CFIF-FM
- Iroquois Falls, Ontario; Canada;
- Broadcast area: Cochrane area
- Frequency: 101.1 MHz
- Branding: Moose FM

Programming
- Language: English
- Format: Adult contemporary

Ownership
- Owner: Vista Broadcast Group
- Sister stations: CHPB-FM

History
- First air date: September 28, 1998; 27 years ago
- Former frequencies: 104.9 MHz (1998–2000)
- Call sign meaning: Iroquois Falls

Technical information
- Class: LP
- ERP: 33 watts Vertical Polarization Only
- HAAT: 32 metres (105 ft)

Links
- Website: mycochranenow.com

= CFIF-FM =

Radio station in Ontario, Canada

CFIF-FM is a Canadian radio station, which broadcasts at 101.1 FM in Iroquois Falls, Ontario. The station airs an adult contemporary format branded as Moose FM.

The station received approval from the Canadian Radio-television and Telecommunications Commission (CRTC) to operate a new low-power English language FM radio programming at Iroquois Falls on September 28, 1998, which was launched in 1998 by Tri-Tel Communications as CJWL-FM at 104.9 FM, and moved to its current frequency at 101.1 FM in 2000. The frequency change from 104.9 MHz to 101.1 MHz would eliminate the interference from CBON-FM-21 at 104.9 MHz in Gogama.
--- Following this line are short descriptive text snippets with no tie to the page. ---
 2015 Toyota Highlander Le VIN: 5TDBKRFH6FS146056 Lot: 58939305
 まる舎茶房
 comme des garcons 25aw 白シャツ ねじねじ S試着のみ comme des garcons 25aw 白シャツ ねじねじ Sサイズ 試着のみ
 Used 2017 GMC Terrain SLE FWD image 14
In 2003, CJWL and its sister station CHPB-FM in Cochrane were purchased by their owner, Haliburton Broadcasting Group.

Haliburton changed the station's callsign to CFIF-FM in 2005, enabling Evanov Radio Group to take over the old callsign for its own new CJWL-FM in Ottawa. The "IF" in the CFIF-FM callsign stands for Iroquois Falls.
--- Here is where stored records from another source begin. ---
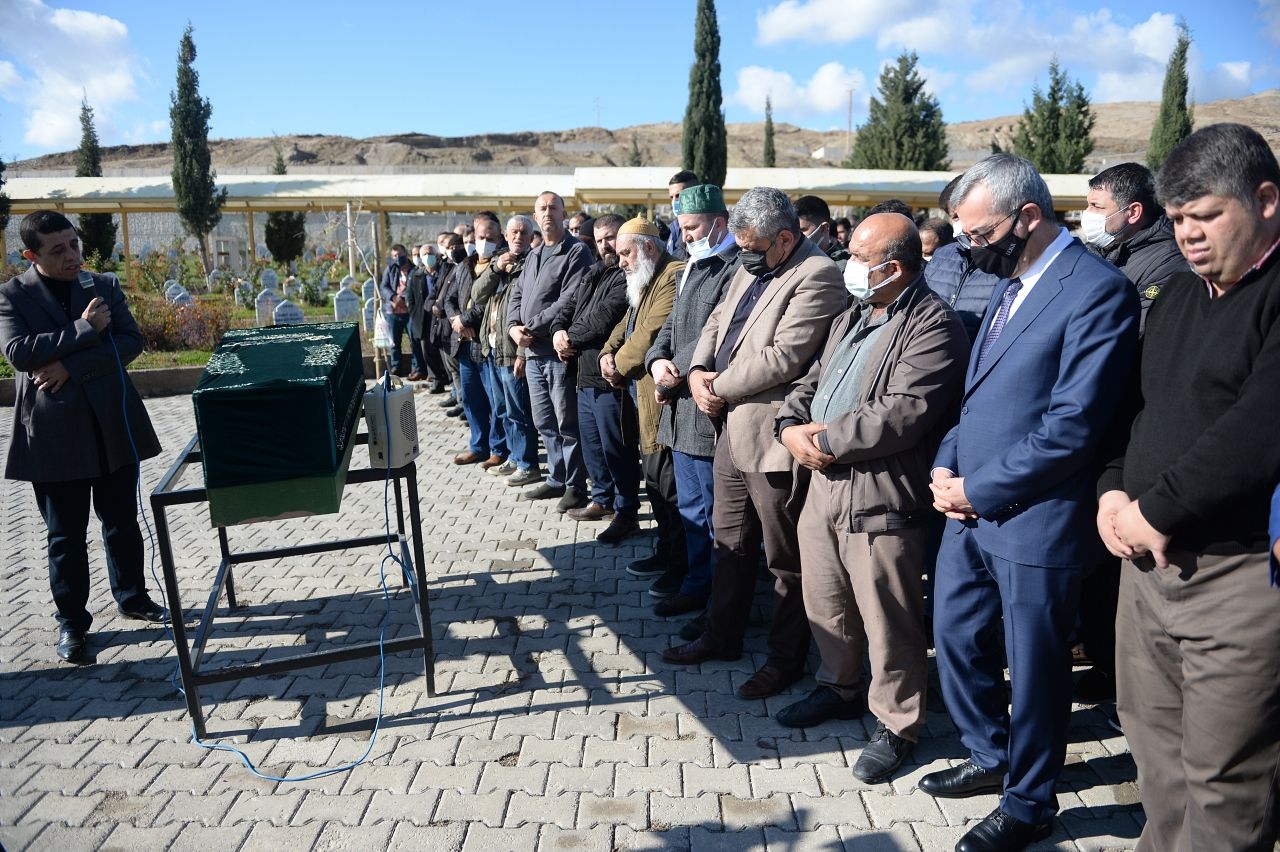 Başı satırla kesilen gencin babasından ilginç sözler: Konakladığı yurt emin ellerdi! 3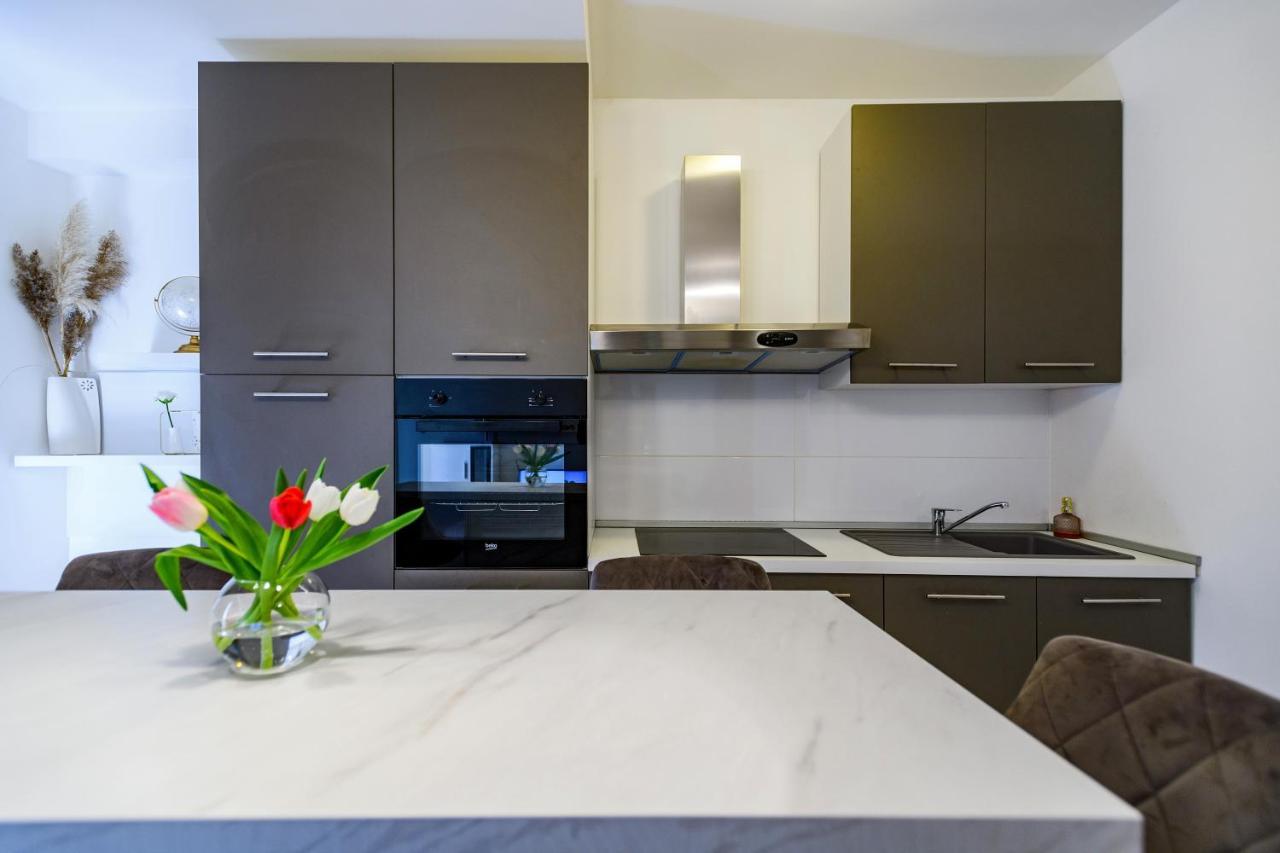 Holiday Apartment Zadar - With Summer Balcony And Parking Luaran gambar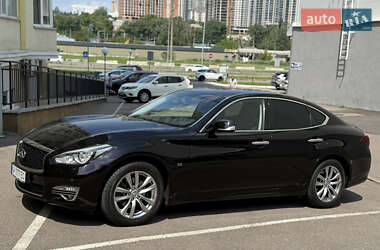 Седан Infiniti Q70 2017 в Киеве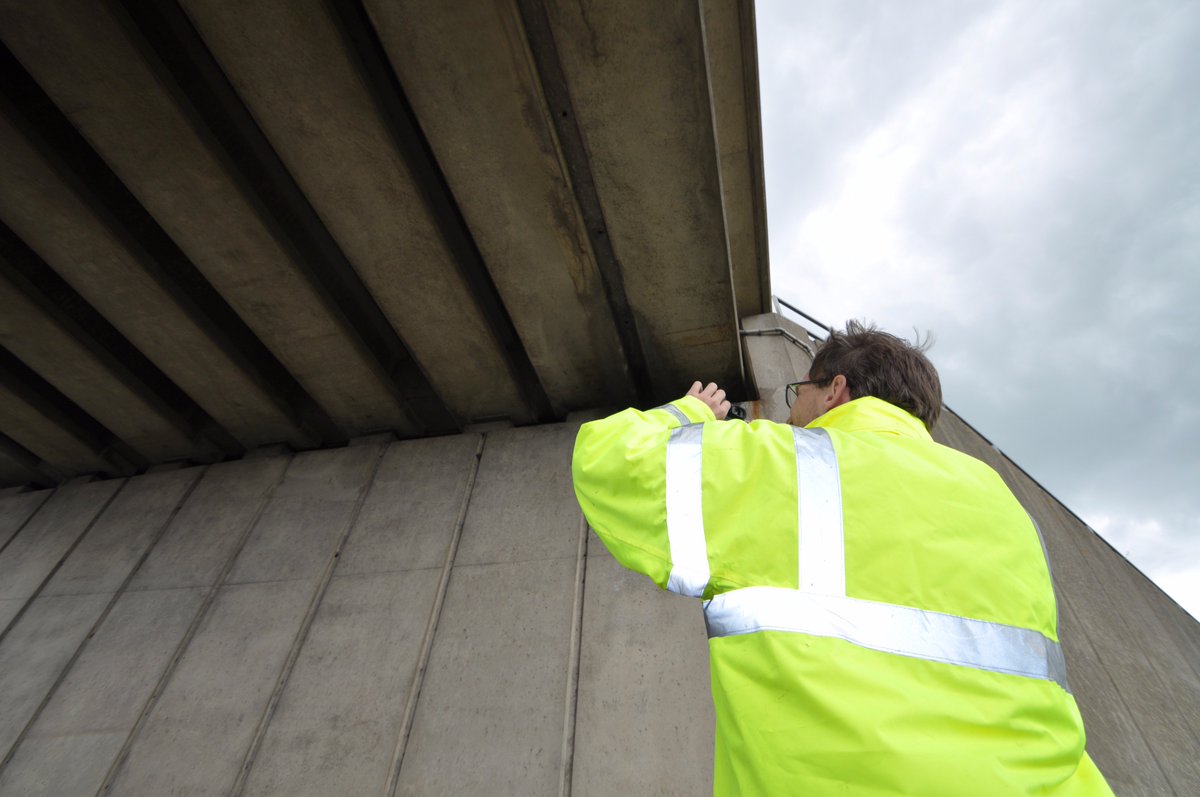 SteveVick80's tweet photo. @Cambridge_CIT 's @phuethwohl  collecting bridge condition data today near Huntingdon! https://t.co/vJI4gL2YFD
On April 23, 2012 Vista Broadcast Group, which owns a number of radio stations in western Canada, announced a deal to acquire Haliburton Broadcasting, in cooperation with Westerkirk Capital. The transaction was approved by the CRTC on October 19, 2012.

Current operation status of CFIF is unknown. It is believed that CFIF is a rebroadcaster of CHPB-FM.